Bazin, A., "The Case of Marcel Pagnol," in Literature/Film Quarterly (Salisbury), no. 3, 1995.


* * *

La femme du boulanger is a film which can stand as a summation of Marcel Pagnol's work in the cinema and of a certain style of 1930s filmmaking. It was a period in which the star and his or her attendant dialogue writer reigned supreme in French cinema. Despite the film's title, the sultry Ginette Leclerc has only a small role as the errant wife, but in compensation we are given Raimu at the height of his powers in a part shaped by Pagnol so as to give the maximum relief and humanity to the figure of a village baker deceived by his faithless wife, who runs off with a stranger. The plot could hardly be simpler: the husband now refuses to bake bread; the villagers have to join forces to "engineer" the wayward wife's return and acceptance by the baker.

In terms of Marcel Pagnol's work, La femme du boulanger, though it holds together remarkably well, is in many ways a hybrid, combining two divergent tendencies. The source of the film is a novel by Jean Giono, who had earlier provided the stimuli for the rural epics, Angèle and Regain. As with those films, La femme du boulanger breathes an authentic country atmosphere, with its open air meetings and sense of real village community. But here the epic qualities of Giono's vision are scaled down, and the village, though remote, is a microcosm of the city, with its social stratifications and religious differences. The performance of Raimu calls to mind the atmosphere of Pagnol's marvellous Marseilles trilogy—Marius, Fanny, and César—which the director and the star had completed just two years previously. This trilogy had its roots in Pagnol's writing for the stage, and it was essentially a studio work, in which the atmosphere of the Mediterranean port was summoned up through vivid dialogue and accent. Raimu's role in La femme du boulanger has the same verbal richness. These are speeches written to be performed—as in the theatre—and since Raimu was unhappy acting in the open air, many of them were restaged in the studio, giving the film its sometimes awkward combination of location and studio work.
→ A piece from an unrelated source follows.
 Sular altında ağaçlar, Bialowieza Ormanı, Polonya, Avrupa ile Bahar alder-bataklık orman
As always, the themes of Pagnol's work are simple, bordering on the melodramatic, but they are captured in dialogue of such verbal felicity, and shaped so cunningly as drama, that they hold the attention effortlessly, especially when—as here—they are set against a vividly drawn background.
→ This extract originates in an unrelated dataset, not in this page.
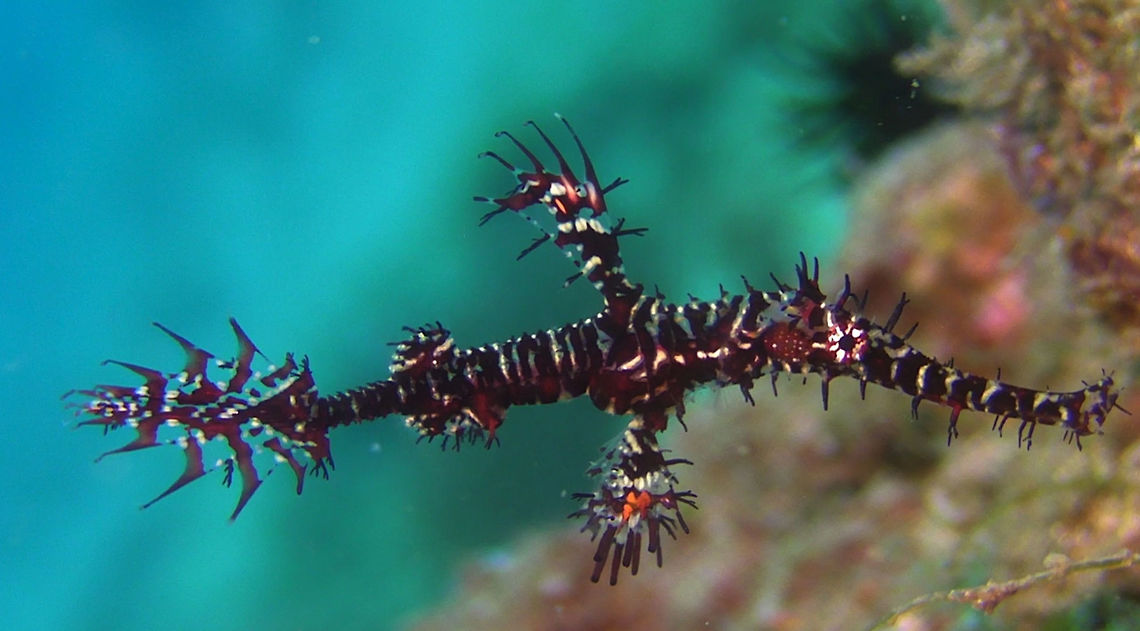 Harlequin/Ornate Ghost Pipefish - Solenostomus paradoxus  Bali,Geotagged,Ghost Pipefish,Harlequin ghost pipefish,Indonesia,Pipefish,Solenostomus paradoxus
The controversy which surrounded Marcel Pagnol's work in the late 1930s, the result of his enthusiastic welcoming of sound cinema as no more than a perfected means of recording and distributing theatrical works, has now subsided. His own work proved richer than the polemical positions which he adopted at the time. Despite his advocacy of the studio, he was in fact one of the first to record sound on location and take his players into the countryside around Marseilles. Formerly regarded as a marginal provincial figure, cut off from the mainstream of Parisian cinema, Pagnol was in fact consistently able to produce two or three films a year. That made him a major figure at a time when the major production companies had long since vanished and most films were made by ephemeral companies set to organise just a single production. Owning his own production and distribution companies, his own laboratories and cinemas, Pagnol created his films en famille in a uniquely personal atmosphere. La femme du boulanger, his last film of the 1930s, conveys perfectly the strengths of this spontaneous, uninhibited approach to production.